Pier Giorgio Di Cicco

Pier Giorgio Di Cicco (born July 5, 1949) is an Italian-Canadian poet. In 2005 he became the second Poet Laureate of Toronto.

Born in Arezzo, Italy, his family immigrated to Canada in 1952. Di Cicco was brought up in several North American cities, among them Baltimore, Maryland, Montreal, Quebec and Toronto, Ontario. In the early 1970s he attended the University of Toronto. While working part-time as a bartender at the university, he began to publish poems in little magazines. He has since written 13 books of poetry and in 1978 edited a volume of verse by Italian-Canadian poets, Roman Candles which became a seminal volume for the birth of Italian-Canadian literature.

His poems, consisting of deep images in stanzas of free verse - with lines consisting of irregular numbers of syllables and (hypothetical) feet - often referred to di Cicco's immigrant and Italian-family experiences. In books like Flying Deeper Into the Century (1982) and The Tough Romance (1979) he communicated a modern, sensitive awareness of the confusing welter of 20th-century life. Di Cicco's unmetrical but imagistic lines flowed on, often with cumulative power, to release their tension at the end of their stanzas.

Di Cicco gradually felt called to a Catholic religious life. Reducing his output of verse, he spent a period in an Augustinian monastery north of Toronto. Di Cicco then undertook religious studies and became a friar with a parish in Brampton, Ontario. In the 1990s he resumed writing and publishing poems, producing a selected volume and several others. In 2005, he was chosen Poet Laureate of Toronto; he published a poem weekly in The Toronto Star Sunday newspaper. In 2004-5 he taught at the University of Toronto. The writer and critic Joseph Pivato edited, Pier Giorgio Di Cicco: Essays on His Works(2011), an important analysis of his poetry.

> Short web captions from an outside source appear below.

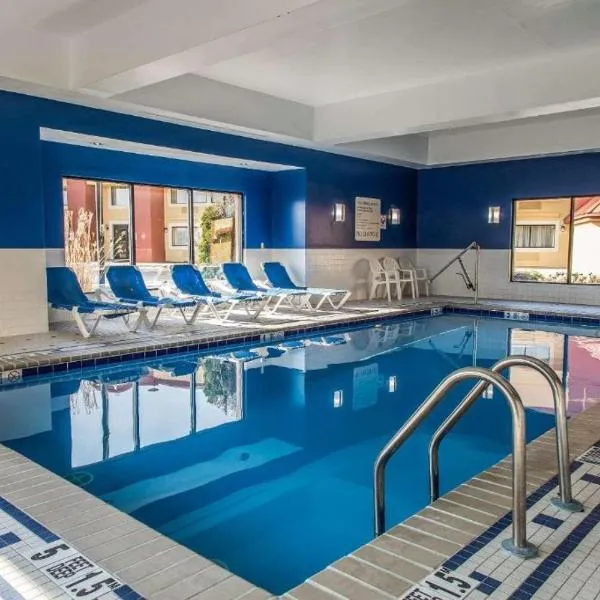 REGENCY INN & SUITES NEW LONDON MYSTIc，位于新伦敦的酒店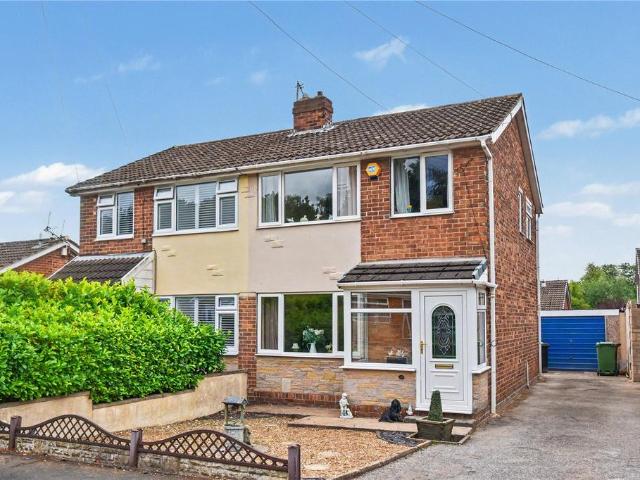 House for sale in Allerton Bywater, West Yorkshire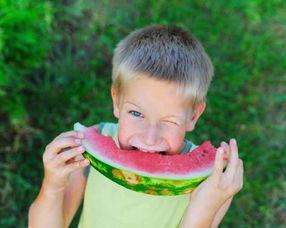 群众吃瓜的笑容,群众吃瓜的欢乐瞬间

Di Cicco is currently an avid futurologist. His specific interests revolve around theories of electromagnetism and the practical uses of such in our daily lives. He also frequently discusses the beauty of cyberspace, and the vast sense of interconnectedness it has imparted upon our lives. Accordingly, he is an ardent fan of the pervasiveness of modern technologies where the cell phone, in his opinion, "is the best invention since sliced bread."